Pero la reanudación de las actividades no marcó un claro final a la prolongada disputa laboral y parte de la fuerza de trabajo acordó volver sólo el viernes, cuando esperan que la firma responda a una lista de demandas aún incumplidas.

La segunda automotriz de Japón debió suspender la producción de vehículos en el mayor mercado del mundo desde que la semana pasada los trabajadores de una fábrica de partes en Foshan, provincia de Guangdong, se negaron a trabajar hasta que se cumplieran sus demandas salariales y otras condiciones.

Aunque no son técnicamente ilegales, las huelgas en China a menudo son vistas como una amenaza al orden social y son rápidamente sofocadas.

Honda dijo que sus cuatro fábricas de autos en China, con una capacidad de producción anual combinada de 650,000 unidades, seguirían paradas como está planeado al menos hasta el jueves.

El fabricante de los modelos Accord y Civic decidirá el jueves si reiniciará la producción el viernes.

Honda ha dejado las negociaciones, políticamente sensibles, en las manos de expertos del gobierno local y de miembros sindicales respaldados por el gobierno, algunos de los cuales tuvieron enfrentamientos con trabajadores de la fábrica.

Pero algunos trabajadores sólo acordaron un retorno temporal, dijo un practicante de 18 años de la sureña ciudad de Changsha.

"La dirección nos dijo que responderán a nuestras demandas para el viernes.

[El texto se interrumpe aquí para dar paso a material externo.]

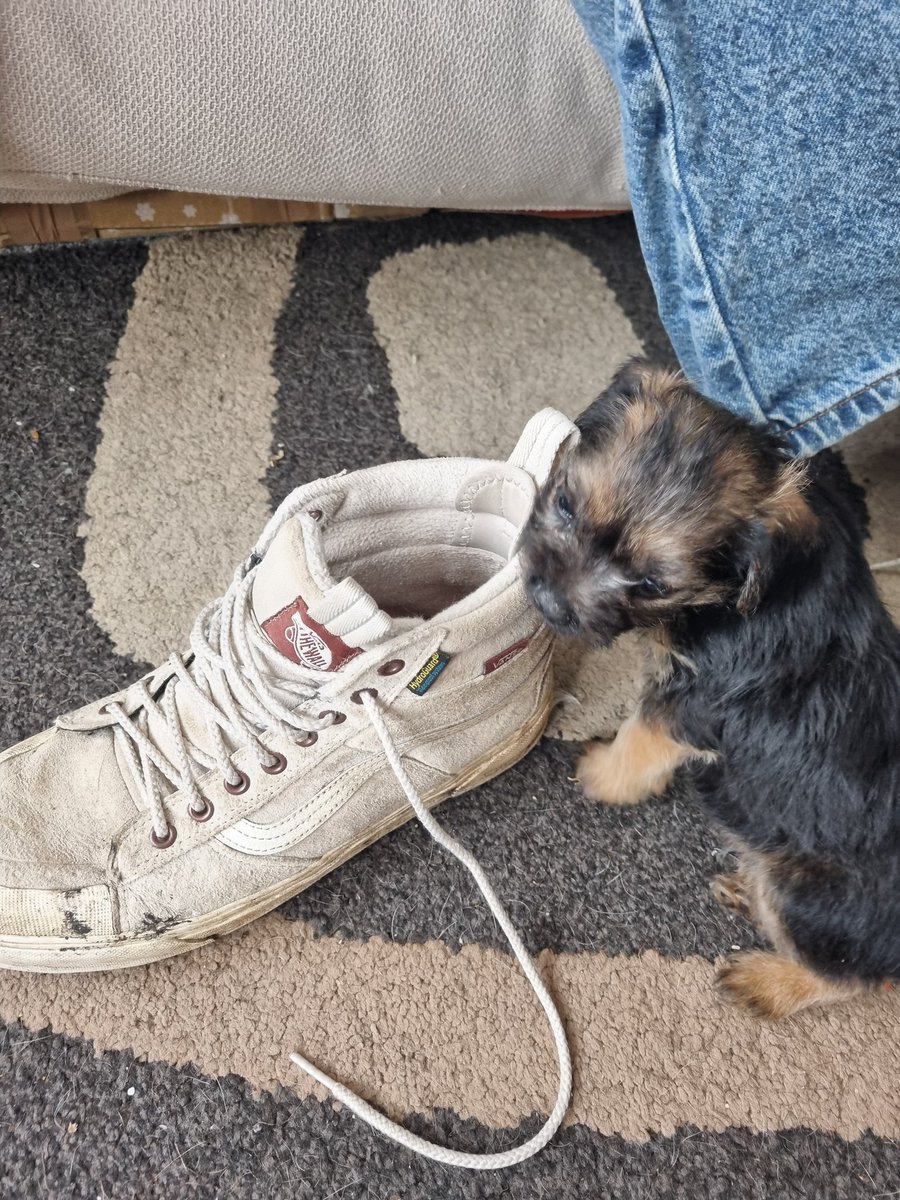 Reginald Barkley - sekretary of da social club! tweet media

Si no, volveremos a la huelga", dijo el practicante, que agregó que hay 70% de posibilidades de otro paro.

Cerca de un tercio de la fuerza de trabajo de la planta es practicante, que como estudiantes reciben sueldos menores y menos beneficios que los empleados regulares.

Más tensiones

Ultimamente han surgido más disputas entre los trabajadores -resentidos por las inmensas disparidades y duras condiciones de trabajo- y los empleadores, que intentan frenar los crecientes costos.

El miércoles, Hon Hai Precision Industry de Taiwán dijo que planea elevar los sueldos de sus trabajadores en 30% en su centro manufacturero Foxconn en el sur de China, tras una serie de suicidios allí.

En la norteña ciudad de Shenyang, un sindicato comercial que representa a los trabajadores de la cadena de comida rápida estadounidense KFC dijo el miércoles que la firma no respondió a las demandas de un alza de sueldos, según medios locales.